Results (continued) The only policy variables easily controlled in the short run that seem to be play an important role are macroeconomic stability (proxied by the volatility of the exchange rate), openness, and the only institutional variables with a first order effect are investor protection and the cost of enforcing a contract. But these can explain at most 1/4 of the difference between the Latin America and the industrial countries.

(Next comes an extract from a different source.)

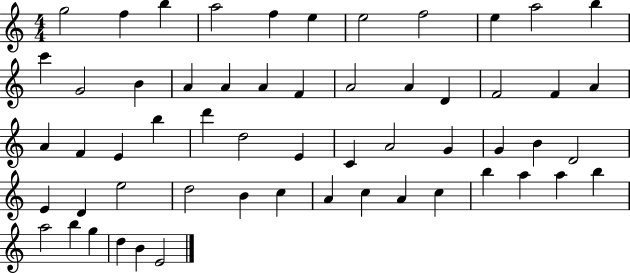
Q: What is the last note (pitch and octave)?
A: E4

Policy variables like the exchange rate regime, the presence or lack of capital controls, the level of public debt, bank concentration, and banking spreads are all statistically significant in the empirical analysis but play a very small role in explaining the difference between the development of the bond market of industrial countries and that of Latin America.

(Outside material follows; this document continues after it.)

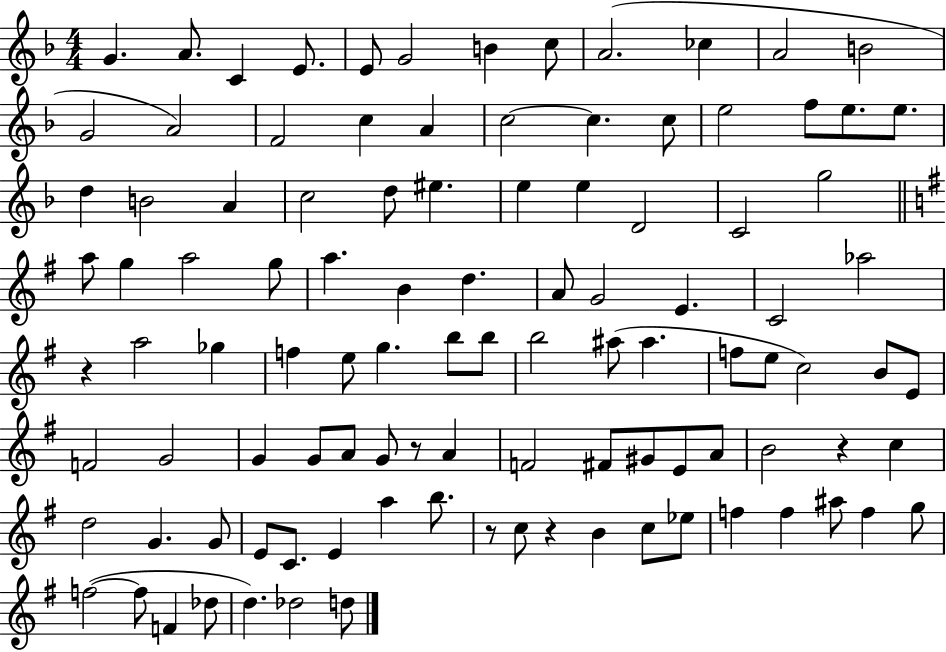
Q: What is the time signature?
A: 4/4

Bottom line Clearly, one should not conclude that policies and institutions do not matter. –Still, the fact that many of the obvious policy variables have only a modest effect on bond market development suggests that there are unlikely to be convenient short-cuts. Bond market development is a long hard slog. –By implication, the same policies that are necessary for economic development in general are also necessary for the development of domestic bond markets. But, in addition, the importance of country size and firm size raises questions about the feasibility of “bond market development in one country.” –Does this mean that LAC should follow Asia in attempting to develop bond markets at the regional level?

Extra-national initiatives Asia has sought to integrate national markets regionally in order to overcome handicap of small market size. –ABF1 &2. –Regional indices and passively managed funds. –Asian Bond Markets Initiative. Latin America has not gone down this road. –In contrast to Asia, it has sought to enhance the access of its corporates to international markets. –This has included, most recently, efforts to issue government debt in local currency in New York and other centers, in the hope that corporates will be able to follow. At least, this is what is suggested by the following slide:

LA relies more on international markets (Private Sector Bonds/GDP) Left panel is LA, right panel is EA Blue is domestic, red is external

Costs and benefits of the two strategies Spreads are often lower on international markets, especially for LAC borrowers (reflecting, inter alia, weak creditor rights at home). –Thus, in the case of Colombia’s November 2004 domestic currency issue, where we can make a direct comparison, primary spreads were 20 to 50 basis points below those on comparable domestic bonds. –We see the same thing when we look at large corporates, which can often borrow more cheaply on international markets. –Thus, the LAC strategy is the obvious short-run cost-minimizing one. But does encouraging corporates to borrow on foreign markets slow the development of local market liquidity? –We find that spreads also decline with domestic market capitalization. –So the Asian strategy may be the long-run cost-minimizing one.